Nor, indeed, would many programmes. If I had pitched a story about a chemistry teacher diagnosed with cancer who becomes the country’s biggest supplier of crystal meth and finally loses himself in a welter of violence, I would have been laughed out of the room. There was never a chance of an English Breaking Bad (to be fair, four US networks turned it down). I did once pitch Lost — in some ways the father of these modern dramas — to a former controller of ITV who hadn’t seen it. He rejected it out of hand.
So where does that leave UK television drama? If I were running the BBC or ITV, I would be seriously worried. To an extent, both networks have allowed television drama to become a poor cousin of the reality shows that now sprawl across the schedules. As The X Factor got longer and longer, dominating the whole of Saturday evening and then quite a chunk of Sunday too, it was often difficult to find a spot for Foyle’s War. The BBC has done the same with Strictly Come Dancing. Channel 4 has made a show out of people watching shows. This is so much easier and safer than drama.
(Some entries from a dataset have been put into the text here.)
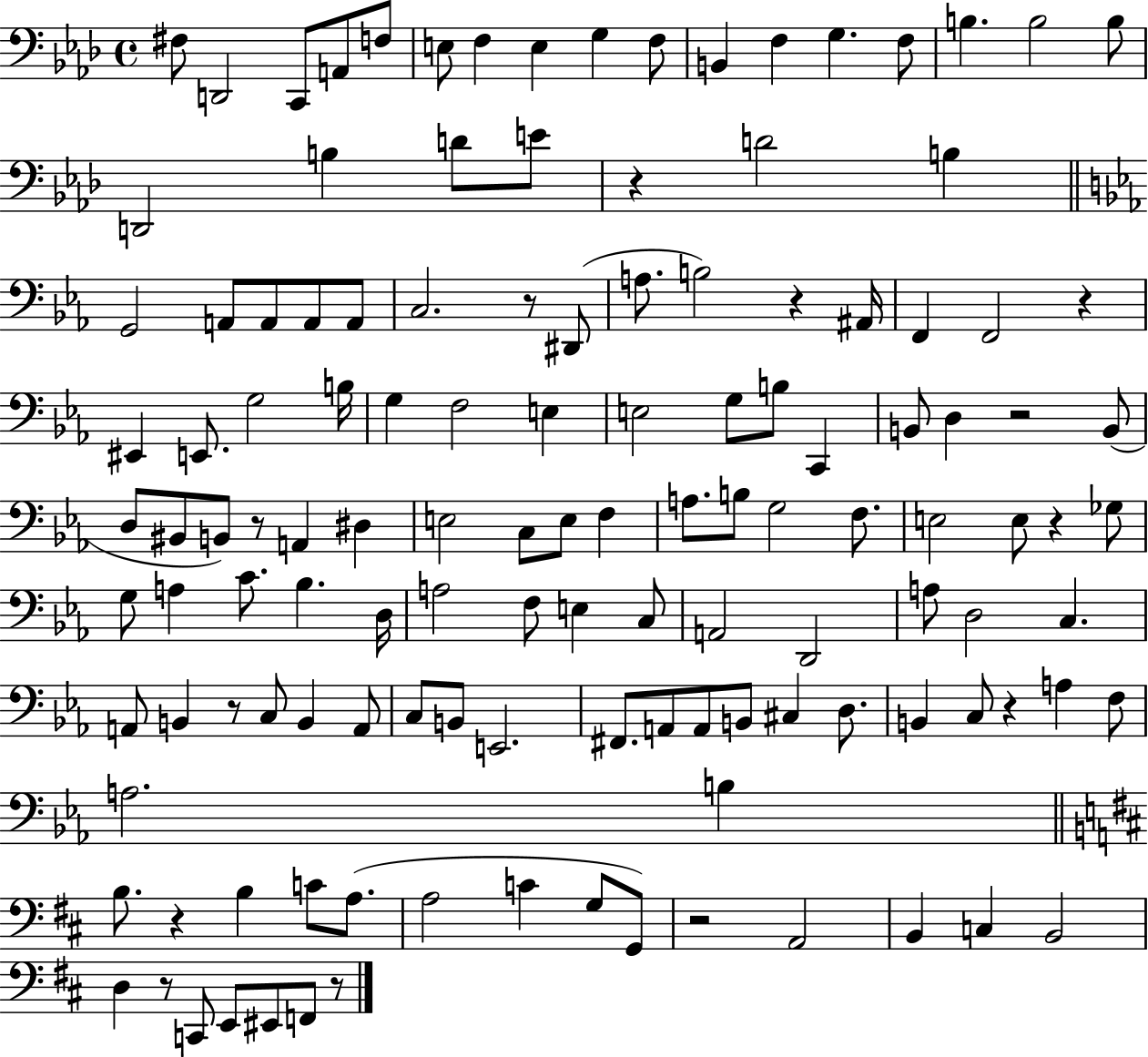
{
  \clef bass
  \time 4/4
  \defaultTimeSignature
  \key aes \major
  fis8 d,2 c,8 a,8 f8 | e8 f4 e4 g4 f8 | b,4 f4 g4. f8 | b4. b2 b8 | \break d,2 b4 d'8 e'8 | r4 d'2 b4 | \bar "||" \break \key ees \major g,2 a,8 a,8 a,8 a,8 | c2. r8 dis,8( | a8. b2) r4 ais,16 | f,4 f,2 r4 | \break eis,4 e,8. g2 b16 | g4 f2 e4 | e2 g8 b8 c,4 | b,8 d4 r2 b,8( | \break d8 bis,8 b,8) r8 a,4 dis4 | e2 c8 e8 f4 | a8. b8 g2 f8. | e2 e8 r4 ges8 | \break g8 a4 c'8. bes4. d16 | a2 f8 e4 c8 | a,2 d,2 | a8 d2 c4. | \break a,8 b,4 r8 c8 b,4 a,8 | c8 b,8 e,2. | fis,8. a,8 a,8 b,8 cis4 d8. | b,4 c8 r4 a4 f8 | \break a2. b4 | \bar "||" \break \key d \major b8. r4 b4 c'8 a8.( | a2 c'4 g8 g,8) | r2 a,2 | b,4 c4 b,2 | \break d4 r8 c,8 e,8 eis,8 f,8 r8 | \bar "|."
}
Sadly, they get bigger audiences too.
And yet when a broadcaster pushes the boat out, when someone takes the risk, the results speak for themselves. Look at the £30 million blockbuster that was The Night Manager. Although it was largely US–funded, it had the BBC hallmark and has been sold in over 180 countries. Executives must be braver.
If there’s one show that exemplifies the gulf we now have to cross, it’s Criminal Justice (2008). It had a great writer in Peter Moffat, a major star in Ben Whishaw and won a slew of awards. But compare it to the American remake, The Night Of (HBO on-demand). In eight parts, not five, it’s edgier, darker, more violent — simply more cinematic. John Turturro as a public defender with an allergy to cats and a rotting skin disease — there was no such character in the UK version — and the very ambiguous ending both separate the show from the original and effortlessly demonstrate how far TV has travelled.
We should be grateful that British writers like Sally Wainwright (Happy Valley) and Jed Mercurio (Line of Duty) show no sign of absconding, but they must be tempted. Programmes made in this country can seem very small and parochial… the action in the last episode of Line of Duty amounted to one machine-gunned window and a chase down a (quiet) street. Even the jewel in our own crown, Downton Abbey, it was said, began to look like a school play when it was compared to The Crown.
You could try and cast an English actor in his thirties or forties. But they’ve all gone to America. Try to shoot in London. The Americans have all the locations and they’re paying more than we can possibly afford. Companies like Netflix are cheerfully appropriating our talent, our ideas and even our royal family. For audiences and for some writers this is a golden age. But perhaps we should be worrying about what is being left behind.